Tackling moral and ethical dilemmas a priori is difficult. When we learn to drive, we don’t have a predefined, morally acceptable list of outcomes when we faced with such situations. If we are unfortunate to experience one, we act on the spot following our instinct, emotional state at the time, influenced by factors such as adrenaline, and other biological (over-) reactions which are tricky, if not, impossible to interpret, codify and load onto a self-driving car’s memory.
Car insurance will almost certainly change completely from what we know today, if and when L5 self-driving cars hit the roads. A drastic reduction to car accidents will necessitate the re-thinking of having an insurance in the first place: as human’s affect the risk calculation and drive up or down the premiums. For example, KPMG predicts that car accidents will go down by 80% by 2040 thanks to self-driving cars. However, regardless of who is controlling the car, humans will continue to be present in, or have supervision of, autonomous and unmanned cars. Training and education will be required to ensure that people who interact with these vehicles have the appropriate competence and awareness to ensure safe and responsible operation.
Implications can be drastic for the insurance industry as whole: there could be no claims processors and loss adjustment, but still there will be a need for some sort of insurance (possibly covering theft, vandalism, etc.) Insurance of L5 cars could well be linked to software industry practices and reward, or otherwise, good software updates practice, driving habits (as they will be all monitored with advanced telematics) and other technology related features.
Also, switching between fully and semi-autonomous driving should also be considered in insurance context. There is a risk that a driver could misjudge the responsibility they currently have, or may not adequately understand how to choose different modes of operation of their car or even how to retake control of the car when it is necessary. This may be a more difficult risk to address than it seems – anecdotal evidence suggests that people tend to ‘switch off’ when it seems that their input is not needed.

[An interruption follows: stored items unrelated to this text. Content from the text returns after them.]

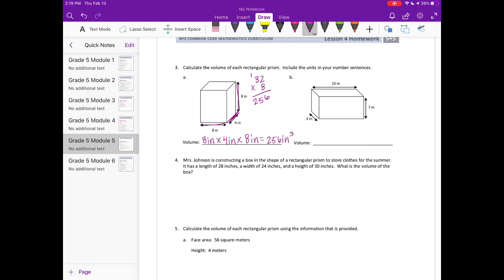The next one: the length is 10 meters, the width is 3 meters, and the height is 7 meters. Because of the commutative property of multiplication, the order doesn't matter. I'll do 3 times 7 first — that's 21 — and 21 times 10 is 210 meters cubed.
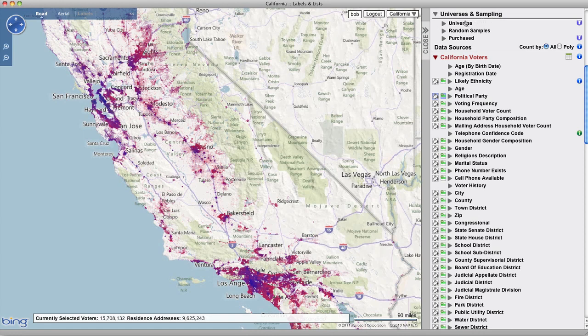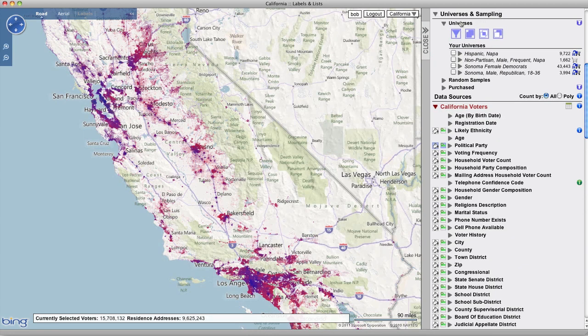Open Universes and Sampling, then click on Universes. Select the universe that you want to download to view its properties and commands.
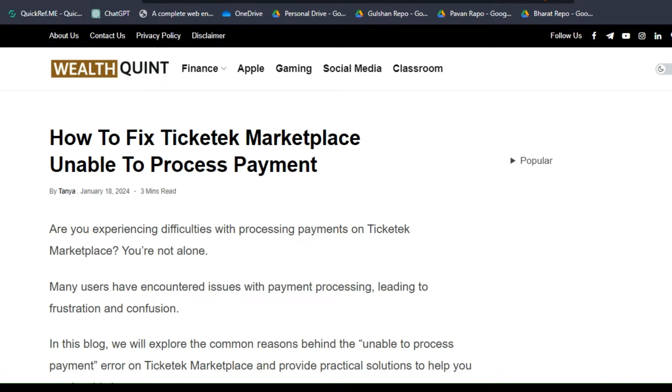Hello everyone, welcome back to our YouTube channel. In this tutorial, I'm going to show you how to fix Ticketek Marketplace unable to process payment.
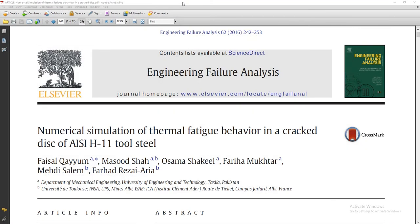Hello guys, I hope you are fine and having a great time. In the past I published this article with all the other co-authors in 2016 in the journal Engineering Failure Analysis. The work was quite interesting and has been cited a lot of times.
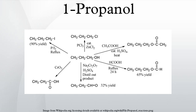It is formed naturally in small amounts during many fermentation processes and used as a solvent in the pharmaceutical industry, mainly for resins and cellulose esters. 1-propanol shows the normal reactions of a primary alcohol.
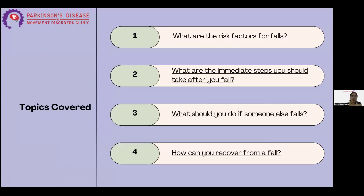I will try to cover the following four topics. First, what are the risk factors for falls and why you fall down. Second, what are the immediate steps you should take after you fall. Third, what you should do if someone else falls, and fourth, how you can recover from a fall.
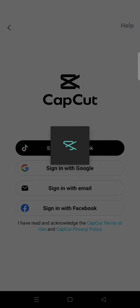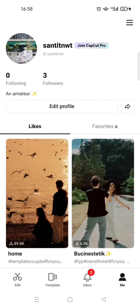If you're already signed in to Facebook on your phone, CapCut will just proceed and sign in successfully like this. But if you haven't signed in, you can enter your username and password on Facebook, or you can also choose one of the other options.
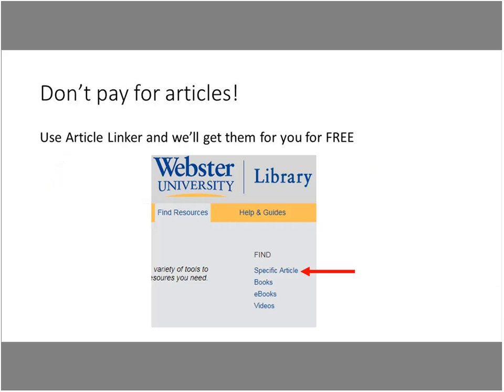If you find something using Google Scholar, we can get it for you for free. From our main library home page, under Find Resources, click on Specific Article. That lets you enter the pieces of a citation and we will request it from another library and get it for you. You can always ask a librarian to help with this process. When you request an article from another library, it takes an average of two business days. So make sure to start your research a little early, but please do not pay for articles — we'll get those for you for free.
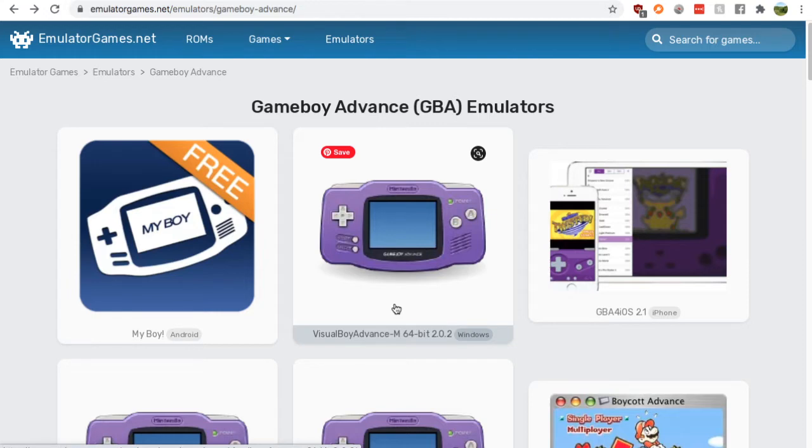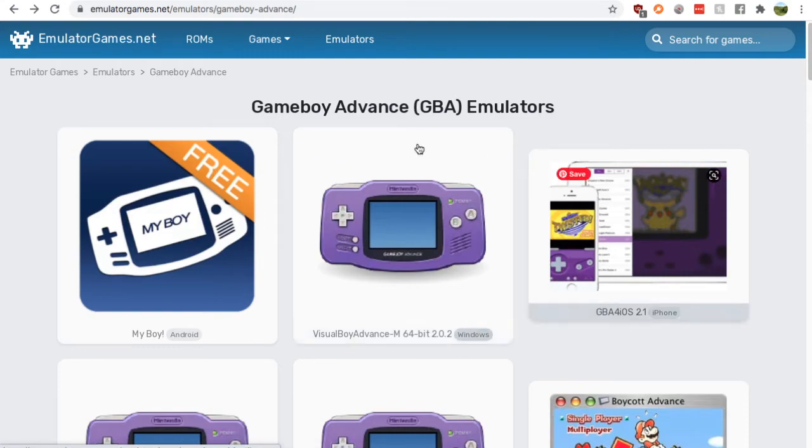Just Google search GBA emulators and go to the emulatorgames.net result for that search. You'll get to this page.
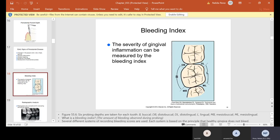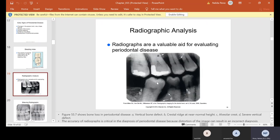Bleeding index: here is a perfect example of what they measure with the periodontal probe. They go to the distal, buccal, and mesial on the buccal side, then to the distal, lingual, and mesial lingual on the lingual side — that's your six probes the doctor takes. If it's not the doctor, it will be the hygienist. They are checking to see how severe the inflammation of the gingiva is, measured again with a periodontal probe.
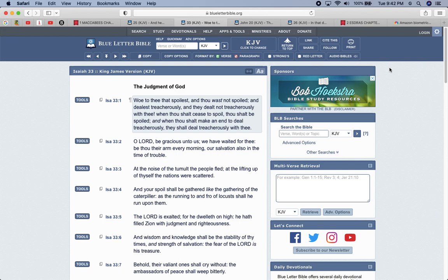So Lord willing, this lesson was edifying unto the elect, and I would like to give all praise, glory, and honor unto Yehovah B'Hashim, Yahvoshai, B'Hashim, Harakad Kodash, Shalom.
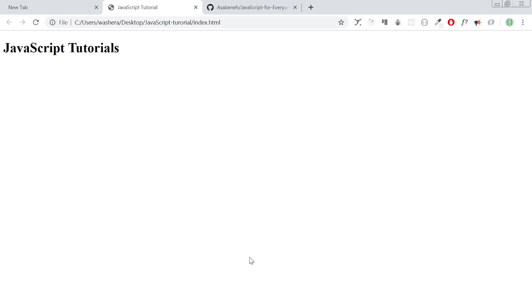Hello, welcome to our channel. We are going to talk about JavaScript objects.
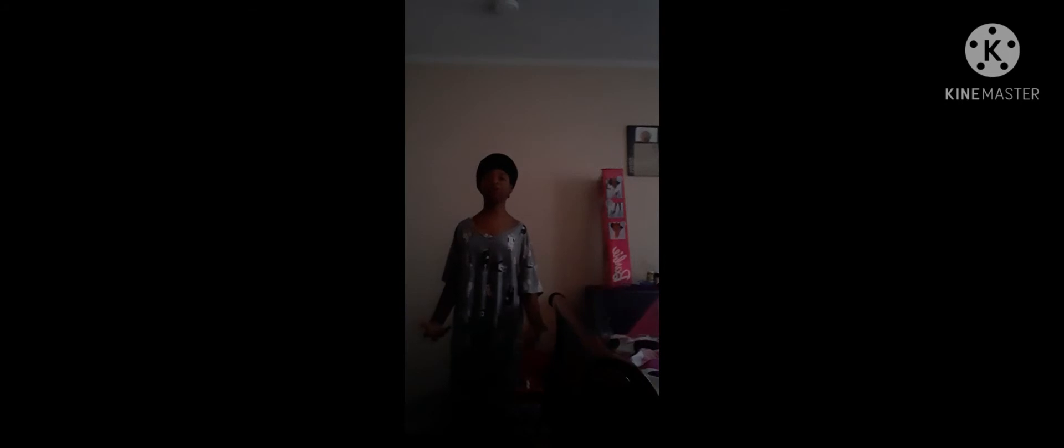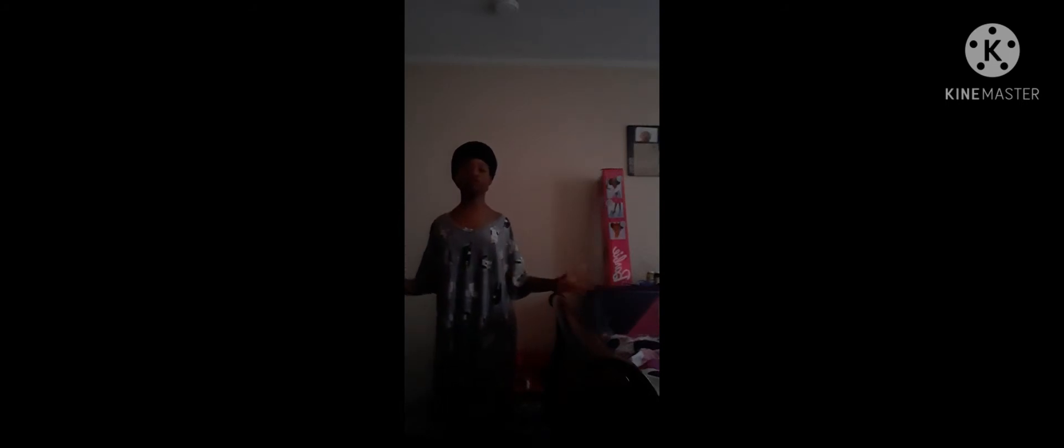Hello guys, today I'll be showing you how to turn a tank top into a skirt. I saw these girls on YouTube turning their tank tops into skirts, so I'm going to try and see if it works.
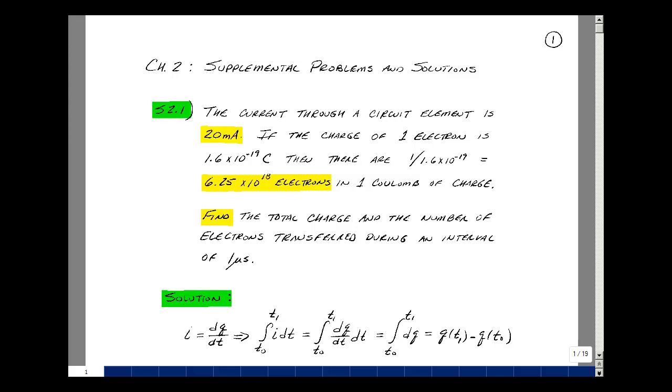This lesson deals with supplemental problem 2.1. You can find this problem in the course e-book in the Chapter 2 Supplemental Problems on page 1.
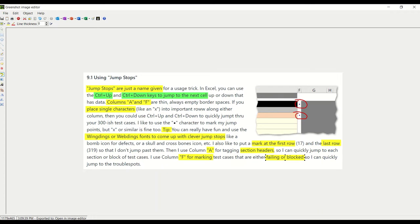So for this quick trainer tip, we are going to discuss jump stops. Jump stops are just a name given to a trick in using Excel. If you use the Ctrl+Up key and the Ctrl+Down key, the cursor will jump.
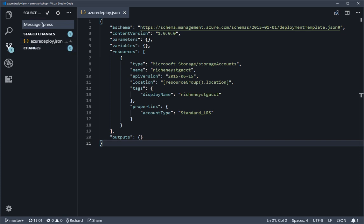We can then add a message in, so I'm just going to put in initial commit into the box there. Then if you hit control and enter at the same time, that will commit the change into your local repository.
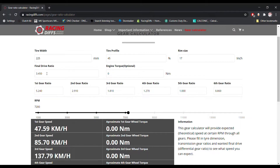You can type in a final drive ratio that you expect to get values for — so we type in 3.45. Then you can put in engine torque, which is an optional measure. You can use the calculator without it.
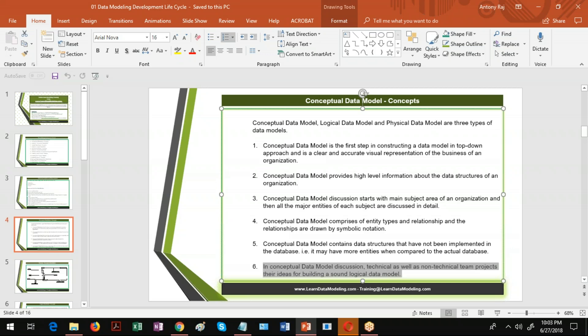After the conceptual data model is approved by stakeholders, the logical data model is created. Once the logical data model is approved, the physical data models are created. The physical data models are signed off by the DBAs and other teams, and then it goes to creation of the database — all objects from the physical data model are implemented in the database. Finally, the data modeler also does a comparison between the data model and what's in the database. This is the entire data modeling development lifecycle. In this demonstration I have given only a high-level overview about the conceptual data model. If you're interested to learn more, visit LearnDataModeling.com. Thanks, bye.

AI technology is not enough
The challenges listed above are difficult to tackle. At the same time, we push forward with advanced AI techniques making serious inroads toward L5 self-driving cars. It appears that we need to pace our technology progress with progress on all other fronts; legal, moral and process (insurance, infrastructure, etc.). And progress on the other fronts will mean getting that knowledge into our AI-driven cars, thus making a truly intelligent and complex AI to drive flawlessly our L5 self-driving cars.
But, as we strive to get there, we need to be more open and transparent about what works, and what doesn’t. Commercial interests, technological excitement, and heighten expectations at times make us forget that we shouldn’t rush the journey. Getting L5 self-driven cars out there is not a panacea. Some believe is not even necessary. As older cars are not likely to be retrofitted to keep up with their L5 modern siblings, there are also people who enjoy driving in itself – for example, it is estimated that there are more than half a million classic cars in the UK. And a study conducted by the UK’s Automobile Association found that 65% of people liked driving too much to want an autonomous car. AI’s bet on delivering the core technology that will make, eventually, L5 self-driving car is indeed a big one. Possibly one of its biggest thus far.